Use Sophia to knock out your gen-ed requirements quickly and affordably. Learn more
×

Confidence Intervals

Author: Sophia

what's covered
This tutorial will cover the basics of confidence intervals, focusing on how to identify the z-critical value needed for a given confidence interval. Our discussion breaks down as follows:

Table of Contents

1. Confidence Intervals

Before we begin, it's important to note that sampling error is the inherent variability in the process of sampling. In a random sample, it occurs when you use a statistic, like a sample mean, to estimate the parameter, like a population mean. You won't always get exact accuracy with the sample mean, but you can use it to estimate the population mean. The idea is that you can be close.

When you take a larger sample, you're going to be, on average, closer. The sampling error, which is the amount by which the sample statistic is off from the population parameter, decreases. You get more consistently close values to the parameter when you take samples. When you calculate a margin of error in a study, you are approximating the sampling error.
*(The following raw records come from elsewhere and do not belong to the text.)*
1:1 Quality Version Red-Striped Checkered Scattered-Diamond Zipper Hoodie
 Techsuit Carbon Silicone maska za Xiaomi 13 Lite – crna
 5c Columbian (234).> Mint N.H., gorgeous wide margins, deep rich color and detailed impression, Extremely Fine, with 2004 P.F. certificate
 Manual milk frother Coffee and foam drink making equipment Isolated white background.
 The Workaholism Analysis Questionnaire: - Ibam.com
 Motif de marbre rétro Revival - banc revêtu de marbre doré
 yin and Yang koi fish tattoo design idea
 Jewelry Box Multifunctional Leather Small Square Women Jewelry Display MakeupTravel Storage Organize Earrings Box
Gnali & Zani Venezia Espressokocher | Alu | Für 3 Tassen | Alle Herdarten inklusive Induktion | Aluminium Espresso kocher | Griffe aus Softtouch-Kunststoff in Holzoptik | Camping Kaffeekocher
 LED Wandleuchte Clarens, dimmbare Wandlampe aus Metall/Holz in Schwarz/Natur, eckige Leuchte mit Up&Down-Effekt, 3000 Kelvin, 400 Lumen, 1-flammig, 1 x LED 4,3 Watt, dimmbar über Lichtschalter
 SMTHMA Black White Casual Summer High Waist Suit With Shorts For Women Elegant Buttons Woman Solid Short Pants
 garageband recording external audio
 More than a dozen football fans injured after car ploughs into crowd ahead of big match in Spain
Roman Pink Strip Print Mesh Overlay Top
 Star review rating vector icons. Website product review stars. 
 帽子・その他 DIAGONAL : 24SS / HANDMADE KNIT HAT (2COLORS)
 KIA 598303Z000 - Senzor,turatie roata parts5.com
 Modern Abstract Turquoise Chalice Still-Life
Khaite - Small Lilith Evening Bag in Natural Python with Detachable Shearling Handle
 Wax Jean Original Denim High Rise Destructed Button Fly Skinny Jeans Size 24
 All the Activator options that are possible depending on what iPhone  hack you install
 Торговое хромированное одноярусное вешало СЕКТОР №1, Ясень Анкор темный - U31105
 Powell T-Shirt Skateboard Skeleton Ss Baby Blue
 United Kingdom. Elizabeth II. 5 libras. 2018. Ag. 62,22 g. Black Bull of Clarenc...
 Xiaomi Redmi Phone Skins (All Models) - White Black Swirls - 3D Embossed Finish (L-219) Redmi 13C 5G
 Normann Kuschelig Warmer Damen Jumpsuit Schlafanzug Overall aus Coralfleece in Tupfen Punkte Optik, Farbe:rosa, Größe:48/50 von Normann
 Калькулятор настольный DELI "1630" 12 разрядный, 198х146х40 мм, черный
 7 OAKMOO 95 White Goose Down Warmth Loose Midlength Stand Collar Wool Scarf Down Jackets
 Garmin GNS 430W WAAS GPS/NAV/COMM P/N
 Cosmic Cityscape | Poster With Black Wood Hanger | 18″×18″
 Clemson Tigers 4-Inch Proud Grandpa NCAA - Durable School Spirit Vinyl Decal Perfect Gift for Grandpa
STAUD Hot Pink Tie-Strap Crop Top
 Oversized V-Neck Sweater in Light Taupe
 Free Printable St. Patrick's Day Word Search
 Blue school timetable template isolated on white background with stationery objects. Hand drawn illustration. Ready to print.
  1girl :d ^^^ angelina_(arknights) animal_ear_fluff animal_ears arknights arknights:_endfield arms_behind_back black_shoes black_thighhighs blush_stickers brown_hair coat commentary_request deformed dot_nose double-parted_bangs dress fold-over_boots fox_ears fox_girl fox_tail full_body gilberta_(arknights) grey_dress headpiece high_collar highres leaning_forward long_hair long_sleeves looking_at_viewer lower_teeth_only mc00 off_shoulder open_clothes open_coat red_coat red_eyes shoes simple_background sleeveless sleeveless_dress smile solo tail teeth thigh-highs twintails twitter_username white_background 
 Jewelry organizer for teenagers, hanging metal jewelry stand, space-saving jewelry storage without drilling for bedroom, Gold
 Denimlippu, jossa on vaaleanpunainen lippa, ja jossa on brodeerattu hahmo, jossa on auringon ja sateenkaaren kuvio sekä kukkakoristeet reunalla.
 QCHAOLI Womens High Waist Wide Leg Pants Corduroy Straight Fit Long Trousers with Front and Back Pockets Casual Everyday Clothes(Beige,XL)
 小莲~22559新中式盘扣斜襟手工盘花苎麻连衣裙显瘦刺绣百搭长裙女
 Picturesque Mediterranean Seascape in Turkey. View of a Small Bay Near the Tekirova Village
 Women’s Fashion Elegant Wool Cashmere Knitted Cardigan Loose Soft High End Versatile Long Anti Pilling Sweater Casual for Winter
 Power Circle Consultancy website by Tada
When you take a sample, you try to obtain values that accurately represent what's going on in the population.

EXAMPLE

For example, suppose you took a simple random sample of 500 people getting ready for an upcoming election in a town of 10,000, and found that 285 of those 500 plan to vote for a particular candidate. Your best guess, for the true proportion, in the population of the town that will vote for candidate y is the proportion that you got in your sample--285 out of 500, which is 57% of the town. That's your best guess, but you might be off by a little bit.

You don't know if the true proportion of people who will vote for that candidate is 57%, and that's why you report a margin of error in your poll.

From the margin of error, you can create what is called a confidence interval. A confidence interval is an interval that contains the likely values for a parameter. We base the confidence interval on our point estimate, and the width of the interval is affected by the confidence level and sample size.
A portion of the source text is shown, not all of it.